「帝劇」とは大違い…リニューアルの見通しが立たない「国立劇場」の危機的状況 入札予定価格は“1400億円”に
解体工事のめどすら立たず
対照的なのが、一昨年10月に閉場した千代田区隼町の国立劇場だ。
日本の伝統芸能を支える“ナショナルシアター”のはずが、いまだに解体工事のめどすら立たずに野ざらし状態が続いている。
文化部記者も肩をすくめる。
「当初案では、ホテルやレストランを併設した複合施設になる計画でした。ところが、一昨年と一昨昨年に実施された事業者選定の入札が不調に終わった。令和11年にはこけら落としのはずでしたが、いまもまったく見通しが立っていません」
昨年8月、文化庁は入札のハードルを下げるべく、必須としていたホテルの併設という条件を任意とした。さらには大手旅行会社と提携し、劇場内の舞台裏や楽屋といったバックヤードを見学できる一般向けのツアーを始めている。

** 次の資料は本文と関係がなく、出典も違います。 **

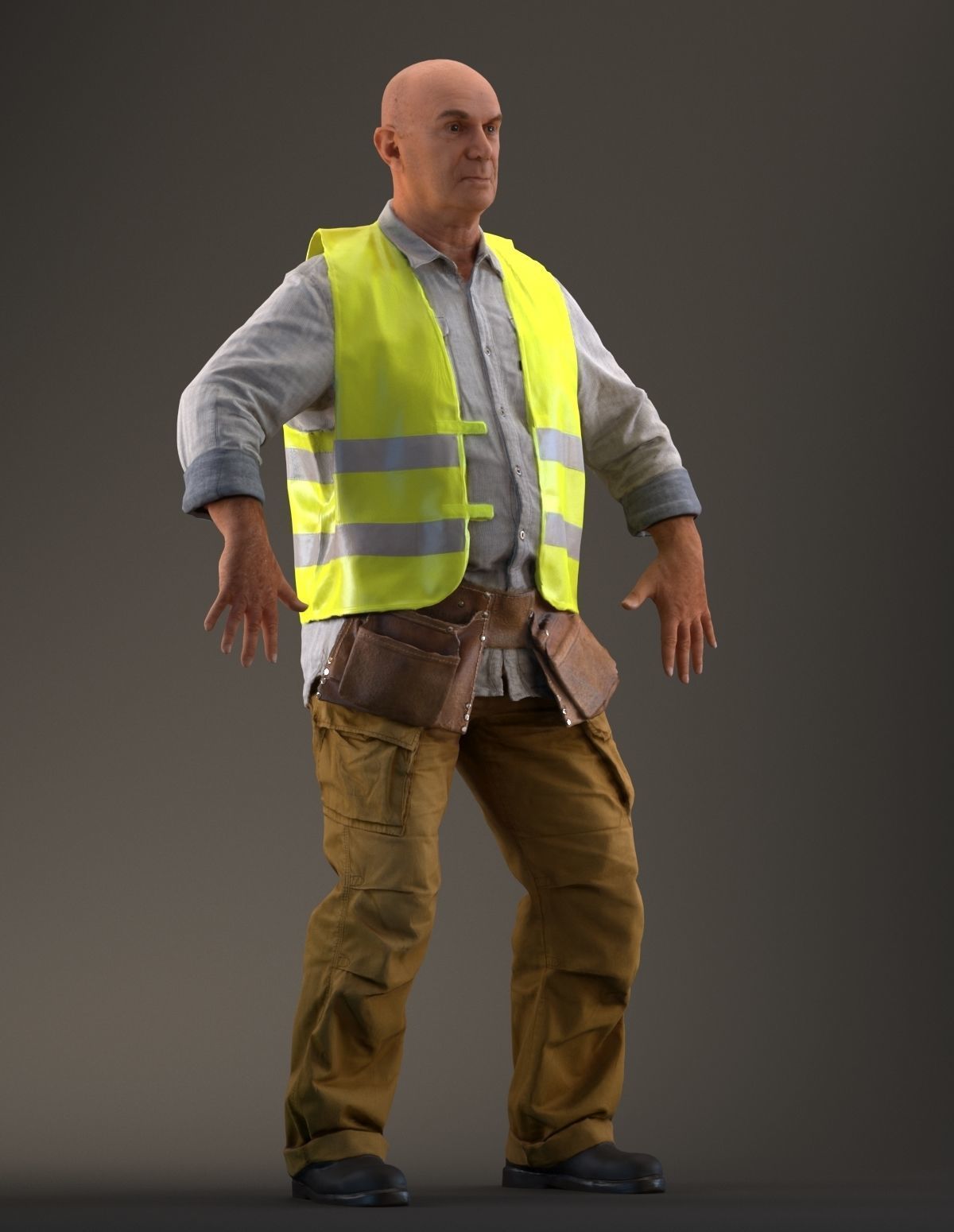 Rigged 3D construction worker Low-poly 3D model_5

「並行して3度目の入札準備が進んでいますが、当初の入札予定価格は最低でも800億円ほど。いまでは資材や人件費などの高騰で、2倍近い1400億円程度まで膨れ上がっています」
焦る関係者が注視する3度目の入札も、今年度中に行われるかは不明と伝わる。
「仮に時期が決定しても、スケジュール通りに実施できるかどうか……。また、解体から竣工までには最低5年は必要で、営業再開は早くても7年後なんです」
隣接する国立演芸場も閉場中。昨年暮れには記者会見で、落語協会の柳家さん喬会長(76)が「もっとちゃんとしろよ!」と一喝。国民の多くも同じ思いだろう。